You Can’t Work on a Ton of Projects Effectively
I learned this one the hard way, because I lacked an understanding of what Paul Graham calls the Maker’s Schedule
Let’s say your average software developer works 50 hours a week. Those 50 hours could be spent all on one project, or you could do 10 hours on 5 separate projects. Simple math.
When I was first starting, I opted for the second option because I figured it was smart to diversify my work across several employers. If one company went under, or changed priorities etc. then my income wouldn’t be as vulnerable.
The problem with this logic is that I didn’t account for the Makers schedule or the cost of switching focus.
Every time you change projects or the problem you are thinking about, there is a mental commission that gets charged. You lose momentum on the first thing, and expend more mental effort to get into the second thing.
Make sure you pick one or two projects to focus on intensely, and charge enough to enable you to do so.
Do NOT Accept Fixed Price Contracts
The main reason for this is because while pricing may be fixed, your scope and requirements NEVER are.
Most of the time it’s the fault of the clients for not knowing exactly what they need, this really sucks.
Some of the time it’s YOUR fault for underestimating the complexity of a project, this makes you want to jump off a cliff.

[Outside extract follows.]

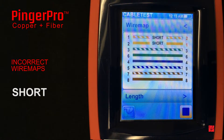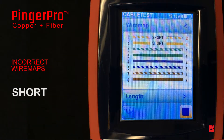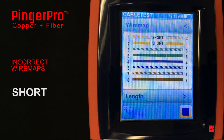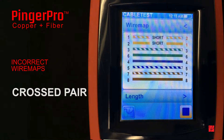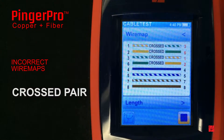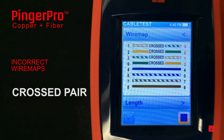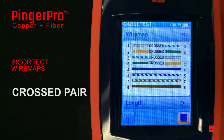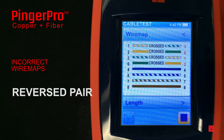A short pair occurs when a wire is physically connected to another wire within the cable or at a connector. A cross pair occurs when one twisted pair, like 1-2, is connected to a different twisted pair, like 3-6. The usual cause of a cross pair is a 568A termination on one end and a 568B on the other.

There’s nothing more demoralizing than watching your ‘hourly rate’ diminish with each passing hour as you read over API documentation for the 17th time.
Easiest way to avoid this? Just don’t offer fixed pricing on contracts.
You Aren’t a Typist, Charge for Your Experience Too
Your experience as a developer has massive value for clients, and can not only assist in getting hired but also in how much you can charge.
A business owner would almost always rather pay double to someone that has ‘done it before’ than save the cash on a junior engineer. That’s why it’s important that when you sell yourself to a new client, you are leading with your experience and confidence in building a real world solution.
This is the same in almost any other high end trade. You don’t pay your plumber $100 for a 5 minute fix because swapping some PVC pipe is so difficult. You pay them for the last 2000 pipes he swapped to fix the same problem you are facing now. The certainty has value, and he charges you for it.
In software, you should be doing the same, and you have the added bonus of the fact that most clients aren’t able to conceptualize the work you do.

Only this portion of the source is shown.